Authors: M&A Department, Prof. Dr. Ali Paslı, Atty. Mustafa Şahin
INTRODUCTİON
In today’s global business environment, mergers, acquisitions, and investment transactions are shaped not only by the parties’ mutual agreement but also by a comprehensive review process. One of the most prominent concepts at this stage is due diligence.
Although not explicitly regulated under the Turkish Commercial Code, due diligence has become an essential mechanism in nearly every share transfer or investment process. The main reason lies in balancing the information asymmetry between the parties. While the seller is fully aware of the company’s risks and internal details, the buyer often relies only on publicly available information or the disclosures provided by the seller. Eliminating this imbalance enables accurate pricing and secures informed investment decisions.

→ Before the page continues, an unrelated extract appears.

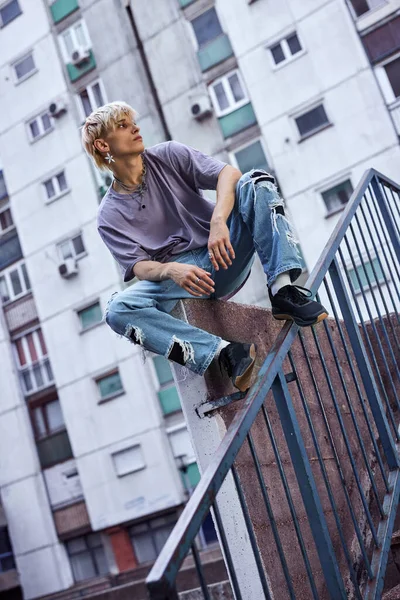 Teenage Boy Sits Concrete Wall Urban Exterior Looking Away Feeling — Fotografia de Stock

A. Eliminating Information Asymmetry
One of the greatest challenges in any transaction is the information gap between buyer and seller. A company’s financial statements, debt ratios, pending lawsuits, or tax liabilities are not always transparent to an outsider. In such cases, the investor risks making decisions without fully grasping the potential exposure.
This is precisely where due diligence comes into play. It reveals the true position of the target company, its strengths, and potential risks. Beyond shaping the purchase price, due diligence also guides the negotiation of contractual terms. Sometimes the process allows the buyer to proceed confidently; other times, identified risks may even halt the transaction altogether.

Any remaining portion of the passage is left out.